The right otolith was embedded in polyester resin, and sectioned transversally with a precision cutting machine. There were carried out 1060 measurements considering two axes from the center: along the sulcal groove, and to the ventral margin. In general, otolith sections were the easiest structure to read. However was the hard part requiring the most elaborate preparation. The sections manifested clearly the reason why it is not possible to recognize annuli beyond 5 or 6 in the dorsal axis. This is caused for a change in the direction of growth of the otolith.
The percentage of agreement between structures was as follows (scales from body zone 4): scales -whole otoliths 67%; whole otoliths – otolith sections, 59%; scales – otolith sections, 66%. The agreement between scales and otolith sections was poor at older ages but surprisingly, in global terms was slightly higher than the agreement between whole and sectioned otoliths. One reason for the otolith methods difference was the presence of many false annuli that lead to more variable measurements. The sections were easy to read but it was difficult to identify opaque bands at the margins. In contrast with sections, both scales and whole otoliths provided younger ages for the older fish. Compared with other localities mean length at age for this study were larger at smaller sizes. However, due to the limited number of older specimens showed in general smaller body lengths. The main portion of the fish examined were immature, one and two years old specimens. The older fish analyzed was a female 14 years old with 850 mm of total length. For the three methods of aging, von Bertalanffy growth equations were fitted to pairs of age-length values and pairs of age and mean length at age by means of a nonlinear regression algorithm.
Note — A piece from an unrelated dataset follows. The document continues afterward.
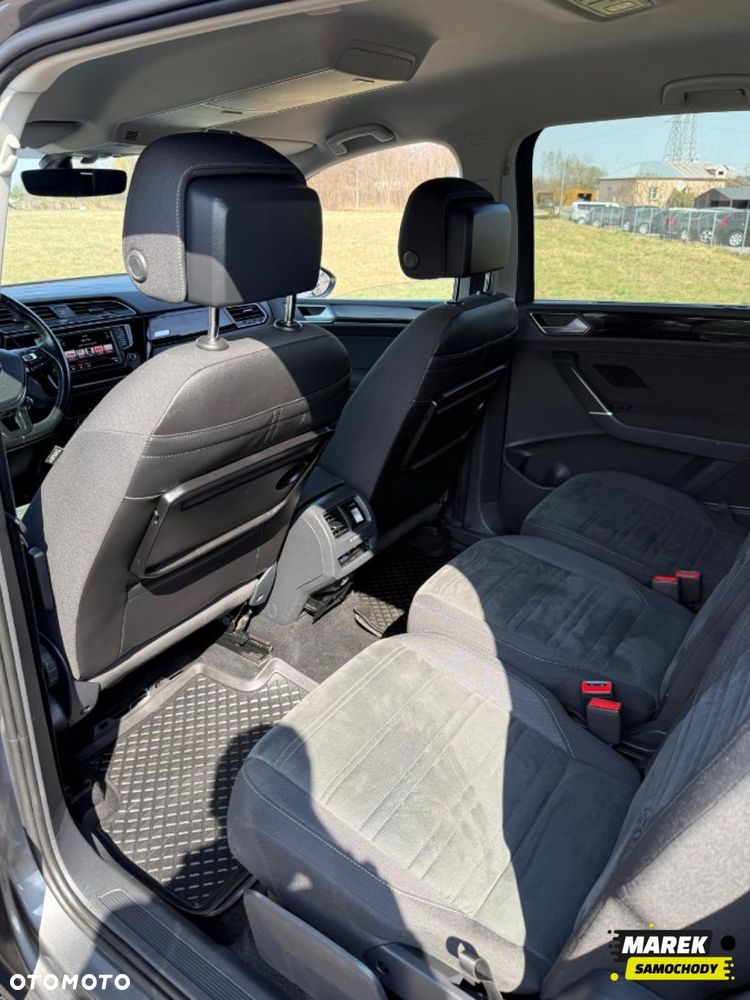 Volkswagen Touran - 14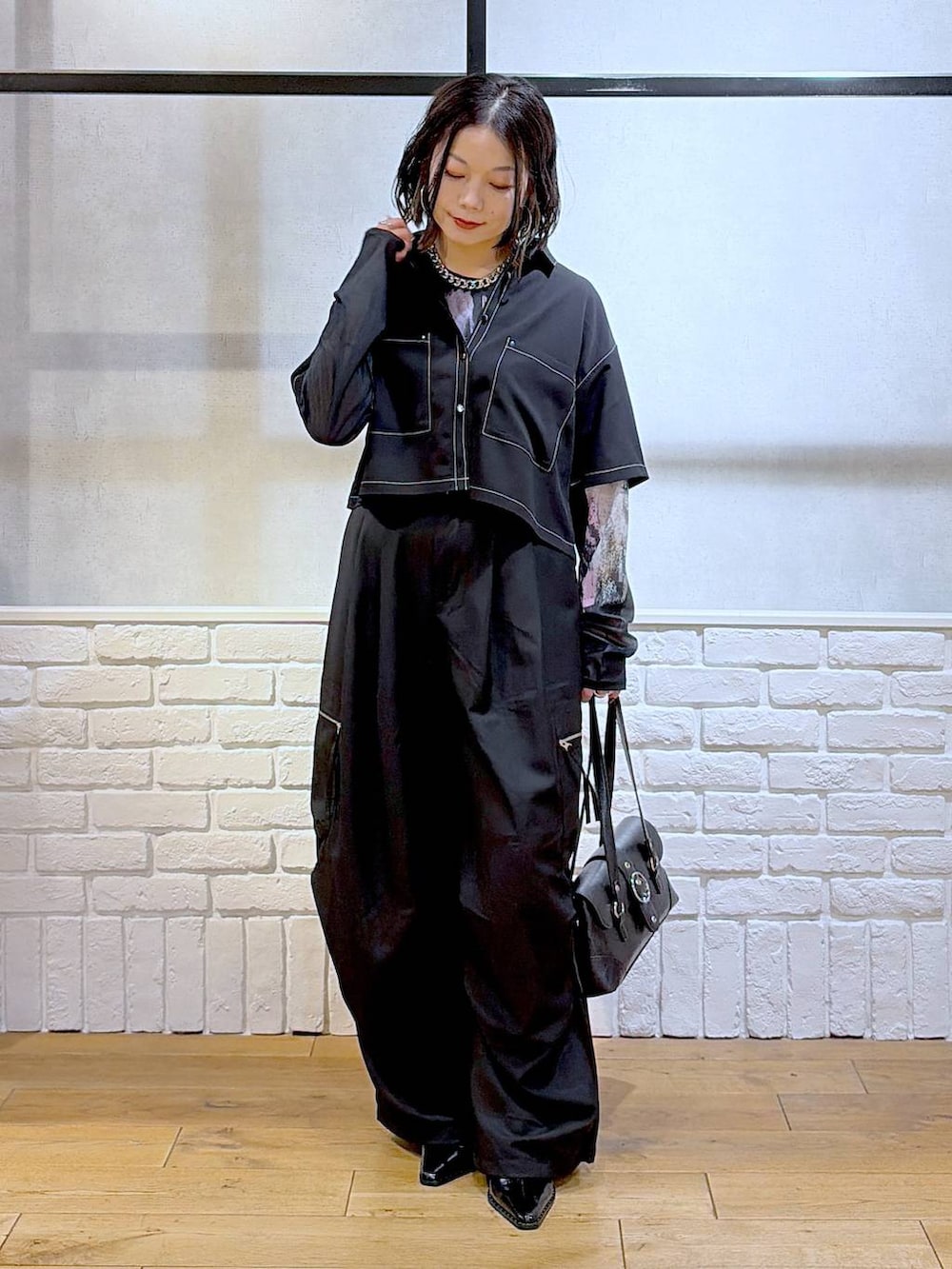 ブラック系のカーゴパンツ、ブラック系のシャツ/ブラウス、ブラック系のTシャツ/カットソーを着用したレディースの夏コーディネートの8枚目の写真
In general terms there were a good agreement between the fitting methods.
To study the seasonal variation of several body state indicator variables, a multivariate analysis of covariance were carried out. In the design there were considered three dependent variables: total weight, gonad weight and liver weight. The curvilinear relationships among weight and length variables were linearized by means of a logarithmic transformation. It was attempted to use two factors (sex and sampling date) and one covariate (standard body length), but only the designs with one single factor (sampling date) lead to valid results. Then a preliminary design with interaction was calculated and produced non significant interactions. Therefore, the design with the factor and the covariate was calculated. The results made manifest the winter reproductive season with high mean gonad weights. One exception is the high mean for April fish, when a small set of fish with big and heavy gonads was registered. A trend opposite to this behavior was presented by the mean liver weight, and highest stomach weights during spring.